Monthly Archives: June 2011

Sunday June 26, 2011

There is any number of things to love about Old Friends, at least for me.  The horses, of course, are the best.  The people I work with on Sundays—Bea and Roberta and Charlotte, are pretty terrific.  The fresh air and exercise work for both Marley and me.  And something happened today, as it occasionally does, that will be stuck in my memory for a very long time. But I’ll get to that…

Weather update:  cooler, low to mid 70s, cloudy, slight breeze but no rain.  The grass is very thick, lush and green.  With the exception of Awad who was lying down this morning, there was not a lot of napping today. There was, however, plenty of greedy grazing.  I think the horses know that the dry days of summer might not be too far off, because everyone was tearing at the grass like it was the best tasting stuff ever.  But nevertheless, all the horses wandered over for treats.  I guess they won’t pass up an opportunity for carrots (or mints) either. 

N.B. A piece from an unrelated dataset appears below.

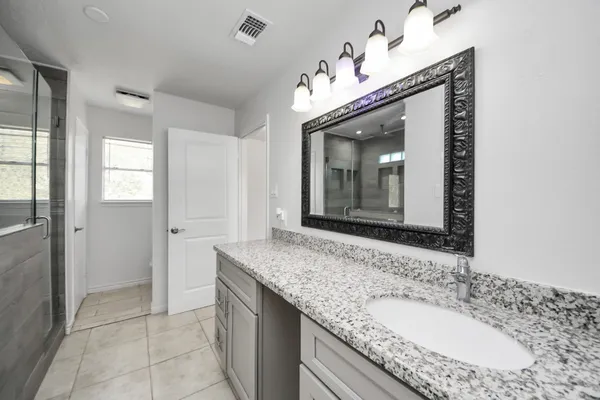 a bathroom with a granite countertop sink a large mirror and a shower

We were quite busy today, with an especially large group at 1 pm.  We had visitors from Canada, New York, North Carolina, Georgia, Texas, Oklahoma, Missouri and right here in Lexington.  A lot of them were returning for a second, third or fourth visit, but there were plenty of first timers as well.   We visited every horse in the front part of the farm at one point or another today.  I am still laughing at Delay of Game, who now meets us at the fence for treats.  You remember how I said he spent so much time this winter laying in his pile of hay, watching the cars go by?  Oh yeah, he meets us now, at least physically.  But he barely spares us a passing glance—he takes his carrots and still keeps one, or both, eyes on the passing traffic.  I’m not sure who or what he is looking for, but he sure seems like he is waiting for something.  And Ball Four is a treat gobbler—like a lot of new horses, he is so excited by all the free treats he just can’t eat them fast enough!

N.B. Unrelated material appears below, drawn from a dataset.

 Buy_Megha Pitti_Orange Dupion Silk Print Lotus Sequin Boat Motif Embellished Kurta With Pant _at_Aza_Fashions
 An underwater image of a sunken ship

There were a lot of kids today—from barely-a-toddler up through high school.  This afternoon Clever completely gave up on the grown-ups in order to stand next to the three little kids lined up on the bottom fence rail.  He ate carrots, let the kids rub his ears, pat his forehead and kiss his nose.  Clever is definitely a kids’ kind of horse!  But every horse enjoyed the kids today—from Ogygian, who let the same threesome line up to pat his face, to Commentator who took his treats gently and with his ears pricked.

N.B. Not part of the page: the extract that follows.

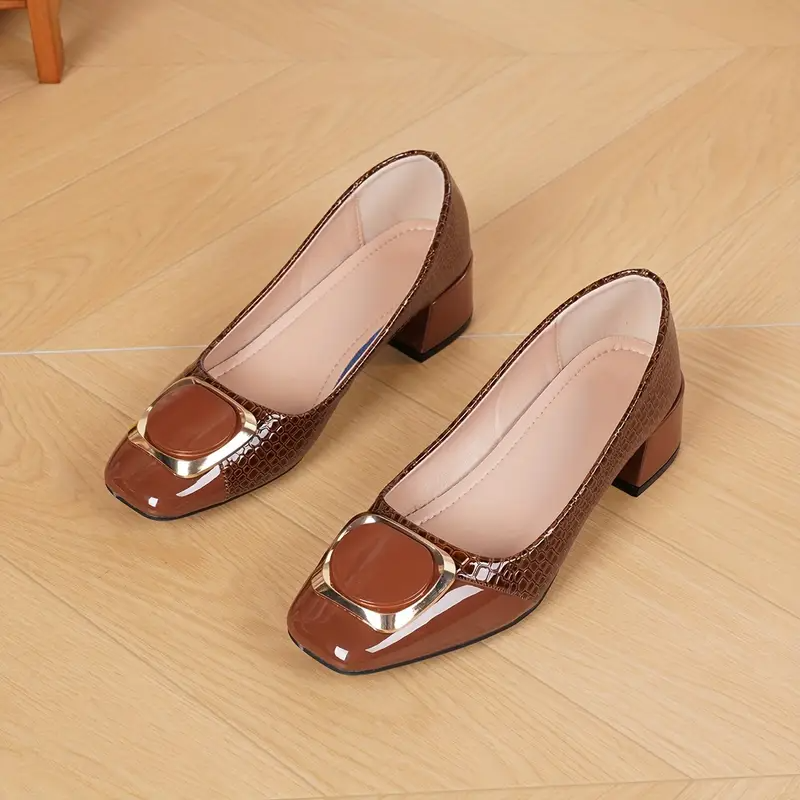 Block heel pumps worn on foot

Which leads me to the best part of today: on the 1 pm tour, there was a quiet and shy little girl, maybe 8 or 9, who clearly was deathly afraid of the horses.  Her older brother, who was far more talkative, informed me that his sister had broken both her arms falling off a horse. He confided in me that he didn’t blame his sister for not liking horses.  Not sure I could disagree with that!  But here is the magical thing about Old Friends.  You think the horses didn’t understand the issue here?  We began with Gramps and Scotty, who are always kind and friendly.  Marquetry and Clever were next.  Silver Charm added his, well, charm.  Dan, Flick, Pops and Ring did their parts, behaving graciously to everyone while the little girl hung back and watched.  And then, all of a sudden and out of the blue, the little girl handed Awad a carrot.  I can’t imagine how much courage it took for her to do that, and Awad accepted it with dignity.  Next thing I know, the little girl is reaching through the fence to touch Sunshine’s shoulder.  Then, he sniffs her arm and she climbs on the fence to get closer to him.  Then we visit Patton, who stands so patiently while she reaches through the fence to pat his neck. He nuzzles her shoulder and she finally, finally pats his nose.  And at the end of it all, she gave me a little smile and said she had fun.  You can’t tell me the horses didn’t know, from beginning to end, that they had to be extra kind and gentle for her.  It kind of gives me chills, to tell you the truth.  I am around these horses all the time, and still they amaze me.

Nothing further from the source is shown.